■ Exercise details:
Reproduce the listing exactly and skip over any pictures.

┌─ Information provided

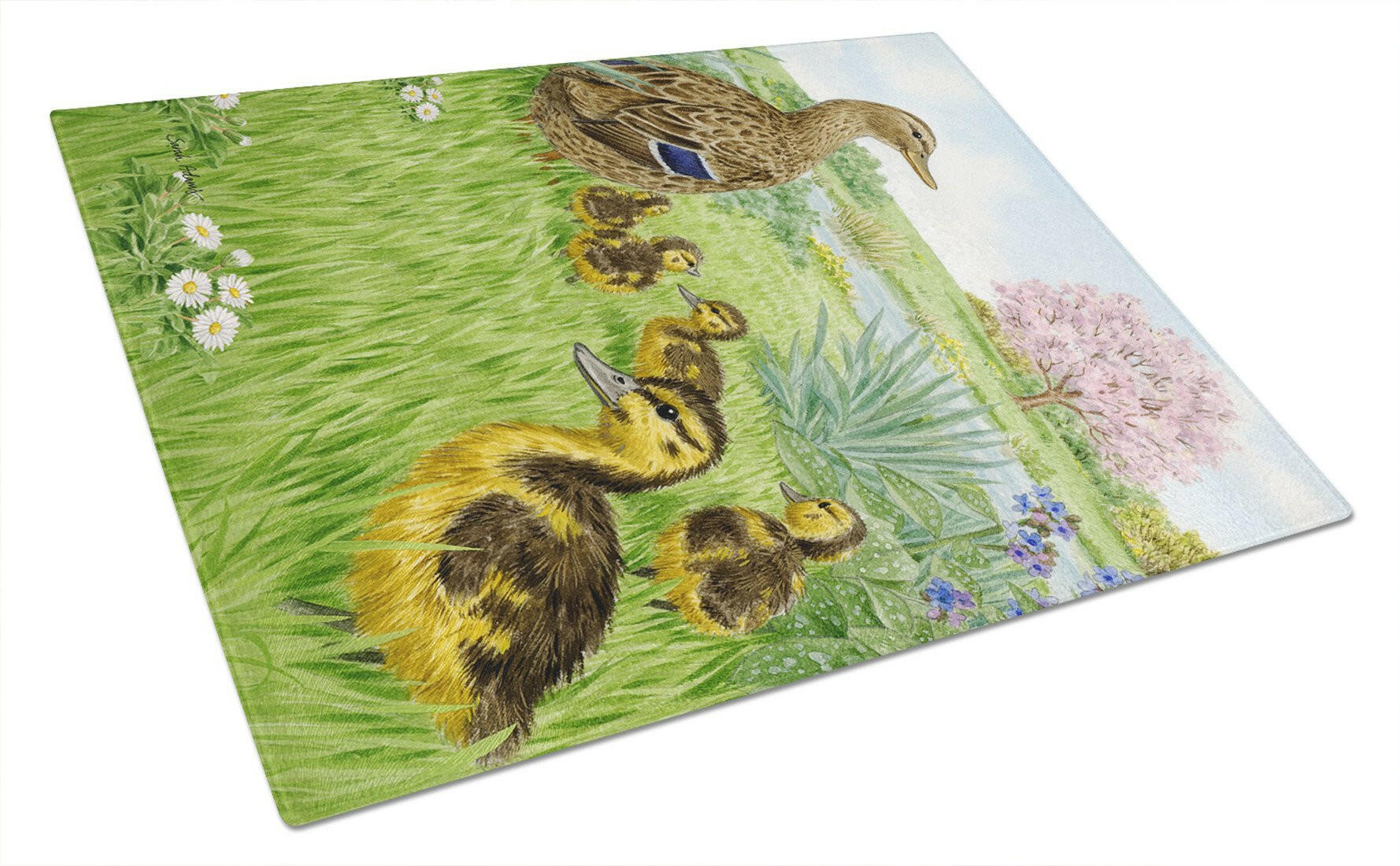 Caroline's Treasures Female Mallard Duck & Ducklings Glass Cutting Boards – Durable, Decorative Kitchen Art Large ASA2105LCB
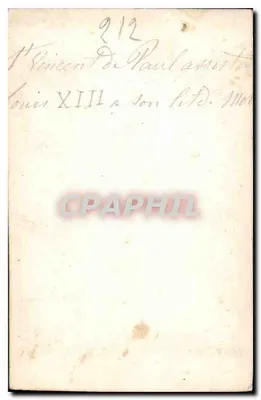 Święty Wincenty z Paola pomaga Ludwikowi XIII — scena historyczna — wydawca nieodczytelny — Rewers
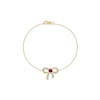 Thumbnail Image 1 of 4.0mm Lab-Created Ruby and 1/10 CT. T.W. Diamond Bow Bracelet in 10K Gold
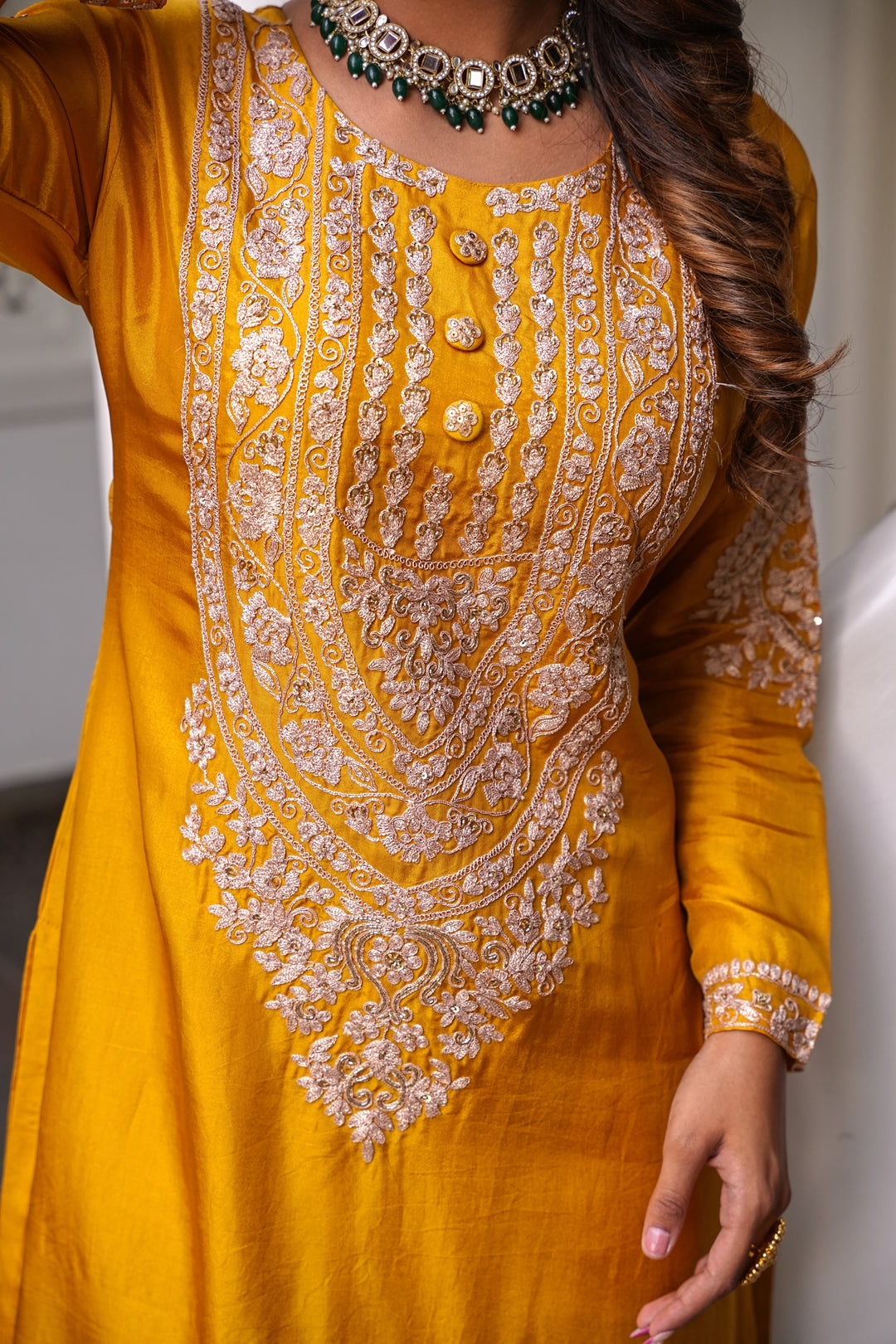 YELLOW STRAIGHT KURTA & PANT SET FOR WOMEN- PAIRED WITH DUPATTA - EMBROIDERED WITH RESHAM & HANDWORK - SET OF 2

└─

■ Finished task:
 Caroline's Treasures Female Mallard Duck & Ducklings Glass Cutting Boards – Durable, Decorative Kitchen Art Large ASA2105LCB
 Święty Wincenty z Paola pomaga Ludwikowi XIII — scena historyczna — wydawca nieodczytelny — Rewers
 Thumbnail Image 1 of 4.0mm Lab-Created Ruby and 1/10 CT. T.W. Diamond Bow Bracelet in 10K Gold
 YELLOW STRAIGHT KURTA & PANT SET FOR WOMEN- PAIRED WITH DUPATTA - EMBROIDERED WITH RESHAM & HANDWORK - SET OF 2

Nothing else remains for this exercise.